If you are going to make an herb-infused oil now would be a good time to warm the oil and add the herbs. Crush the herbs with a mortar and pestle as needed and dump them into the warm oil to soak overnight is the simplest way.

—– Dough —–

Mix everything together for 3 minutes on low speed and then 3 minutes on second speed. If you are masochistic enough to mix by hand then just keep stirring until you arm falls off. It is too sticky a dough to be kneaded.

—– Stretching, Folding, Forming —–

Turn out onto a heavily floured work surface. Flour the upper surface and pat it out into a large rectangle. Stretch and fold in half, then fold the side in by thirds. Pat the folded sandwich down so that it is about the original size and thickness. Lube the top with olive oil and cover with plastic wrap.

  1. Ferment 30 minutes. Repeat above procedure, folding opposite direction from before.
  2. Ferment 30 minutes. Repeat above procedure, folding opposite direction from before.
  3. Ferment 30 minutes. Repeat above procedure, folding opposite direction from before.
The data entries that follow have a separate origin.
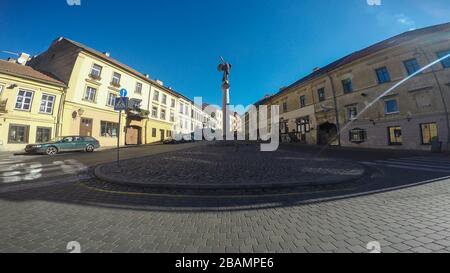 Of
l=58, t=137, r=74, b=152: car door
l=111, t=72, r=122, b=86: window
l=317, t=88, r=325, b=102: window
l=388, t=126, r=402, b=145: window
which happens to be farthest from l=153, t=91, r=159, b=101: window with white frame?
l=388, t=126, r=402, b=145: window

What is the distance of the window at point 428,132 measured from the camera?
14.3 meters

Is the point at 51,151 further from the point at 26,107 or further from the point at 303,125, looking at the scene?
the point at 303,125

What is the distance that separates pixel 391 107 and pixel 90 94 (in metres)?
31.1

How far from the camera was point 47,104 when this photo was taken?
1714 centimetres

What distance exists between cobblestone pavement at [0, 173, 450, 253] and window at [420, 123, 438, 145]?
598 inches

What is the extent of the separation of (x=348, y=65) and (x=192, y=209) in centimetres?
2415

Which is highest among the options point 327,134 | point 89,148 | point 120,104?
point 120,104

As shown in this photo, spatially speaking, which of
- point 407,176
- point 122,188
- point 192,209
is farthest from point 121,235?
point 407,176

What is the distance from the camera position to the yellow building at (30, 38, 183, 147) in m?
18.8

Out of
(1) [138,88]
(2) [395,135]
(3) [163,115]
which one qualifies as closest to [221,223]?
(2) [395,135]

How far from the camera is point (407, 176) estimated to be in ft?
20.5

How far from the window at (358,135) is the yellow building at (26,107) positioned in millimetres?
30092

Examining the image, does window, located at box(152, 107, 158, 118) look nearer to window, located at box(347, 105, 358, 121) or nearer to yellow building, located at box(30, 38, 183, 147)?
yellow building, located at box(30, 38, 183, 147) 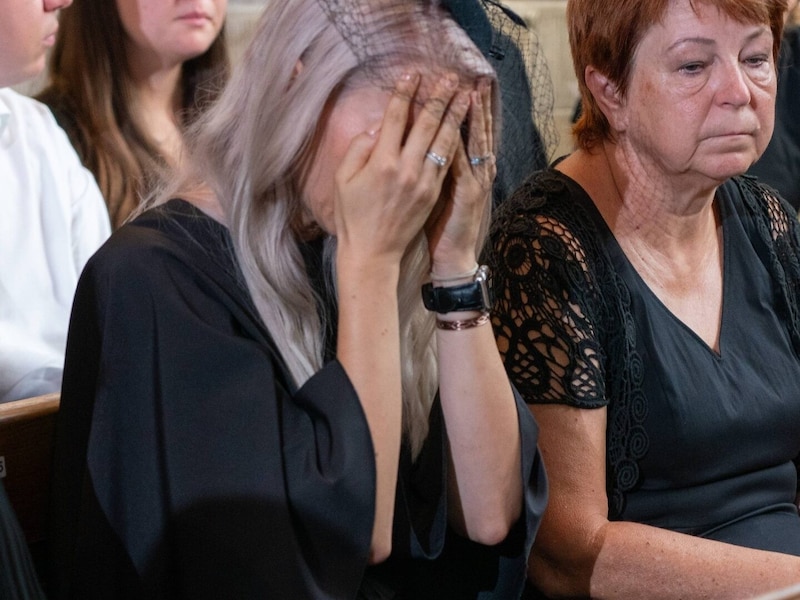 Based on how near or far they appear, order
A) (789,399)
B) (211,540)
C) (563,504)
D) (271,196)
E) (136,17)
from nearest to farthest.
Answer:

Place the sandwich onto a jelly roll pan lined with oiled parchment paper and lube well with oil. A double recipe takes a 17” x 12” pan. Use a pan sized to your batch.

Ferment one hour.

Pour 1/4 cup of oil (infused if you are using it). With only your finger tips poke the dough down and spread it out without getting it too thin. You do NOT want to flatten that last rise. The dough should pretty well fill your pan and be dimpled all over where your finger tips have pushed into it.


Photo from “Flour on My Face” blog by Arlene Mobley

Ferment 2 hours, covered with plastic wrap.

Add some more oil and poke it down if it looks like it needs it. Sprinkle with salt to your liking. Add any doo-dads that you want. If there are any really big, thin bubbles you might as well pop them now.

—– Baking —–

Preheat the oven to 500°F. When you put the dough into the oven then lower the temp to 450°F. After 10 minutes turn the pan if your oven does not cook evenly. Total cooking 20 to 25 minutes. So if you rotated the dough give it another 10 to 15 minutes. What you want is about 200°F at the center of the bread. Cool on a rack for at least 30 minutes before indulging. This – by the way – is what is called baking in a falling oven. This is an attempt to mimic the action of the old stone ovens – quite historical, actually.

If you are using toppings that burn you might want to add them during the last few minutes of cooking. If you are doing an infusion with your oil do try to use fresh herbs. They work better. A real traditional would be some onions, some olives, some garlic, all chopped up and slowly infused overnight.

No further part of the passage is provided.